Regarding follow-up of patients with pseudotumoral chronic pancreatitis, there are not clear recommendations regarding the ideal imaging study and time for subsequent imaging relative to the initial diagnosis. Therefore, the surveillance for pancreatic cancer in patients with pseudotumoral chronic pancreatitis is not well established and it has a negative impact in this population[1,13-16]. In this study, in patients with pseudotumoral chronic pancreatitis for whom pancreatic cancer was diagnosed on follow-up, pancreatic cancer was confirmed at an advanced stage in a period of less than 2 mo after the initial detection. This data suggest a misdiagnosis rather than new onset of the neoplasm during follow-up. Because of that, surveillance programs for pancreatic cancer with intervals greater than 6 mo seem to be insufficient in patients with pseudotumoral chronic pancreatitis. In the study by Burski et al[8], it was concluded that an interval of 3-6 mo for surveillance for pancreatic cancer in patients with pseudotumoral chronic pancreatitis was not optimal due to rapid disease progression. Several studies have attempted to establish EUS imaging criteria (without tissue sampling) for the discrimination of benign inflammatory pseudotumors and tumors. Despite the high resolution of EUS, it does not provide reliable differentiation of benign and malignant lesions of the pancreas[17]. New technologies, such as EUS elastography and contrast-enhanced EUS (CE-EUS) could be important tools for differential diagnosis. In a multicenter study, 30 cases with benign nodule of chronic pancreatitis were studied with EUS elastography[18]. All nodules of chronic pancreatitis presented benign aspects (mixed green and low intensity of blue) and elastography showed malignant aspects (intense blue coloration) for all pancreatic adenocarcinomas, endocrine tumors, pancreatic metastases, and pancreatic sarcomas. In the study of Hocke et al[19], adenocarcinoma developed on chronic pancreatitis was non-enhanced after contrast injection. Conversely, pseudotumoral chronic pancreatitis was hypervascularized (91%) after SonoVue® injection. According to our data, older patients with chronic pancreatitis are at risk of pseudotumoral chronic pancreatitis, and could be candidates for closer follow-up (Table 1).

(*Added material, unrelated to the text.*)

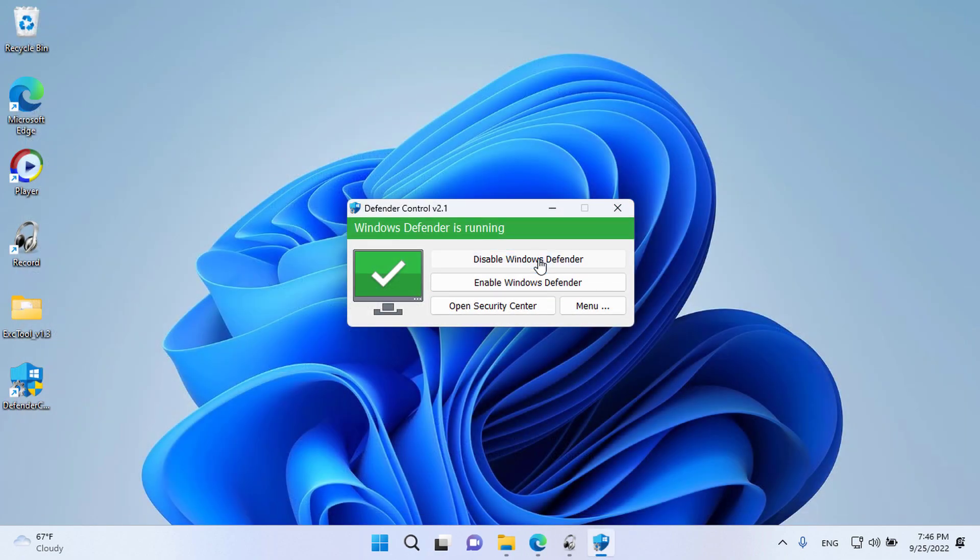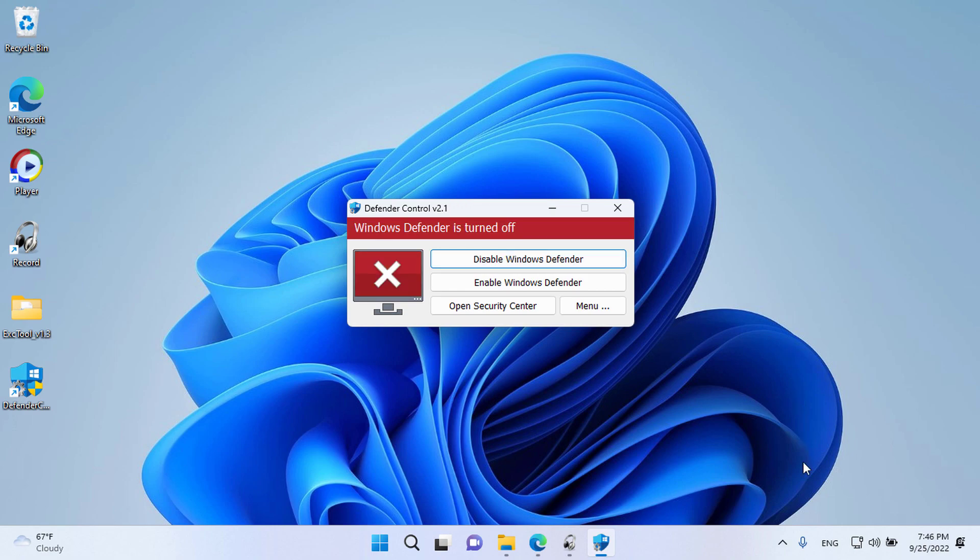As you can see, Defender Control is working without any problem on the new Windows 22H2 version.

The limitations of our work are the small sample size and retrospective analysis. The nature of disease makes it difficult for a single center to have a bigger sample size. Multicenter studies must be considered for future designs. Our data are useful for future systematic reviews and meta-analyses.
In conclusion, we suggest that according to specific characteristics of patient, detection of pseudotumoral chronic pancreatitis should lead a close surveillance program for pancreatic cancer with EUS in less than 1 mo or directly to surgical resection. EUS FNA can miss malignancy in nearly 25% of patients with pseudotumoral chronic pancreatitis.
Pancreatic cancer at diagnosis is unresectable in 70% of cases. It is difficult to differentiate by images between pancreatic carcinoma and pseudotumor in the context of chronic pancreatitis. The authors followed-up patients with chronic pancreatitis and solid pancreatic mass lesions and we assessed the final outcome and identified an optimal surveillance interval.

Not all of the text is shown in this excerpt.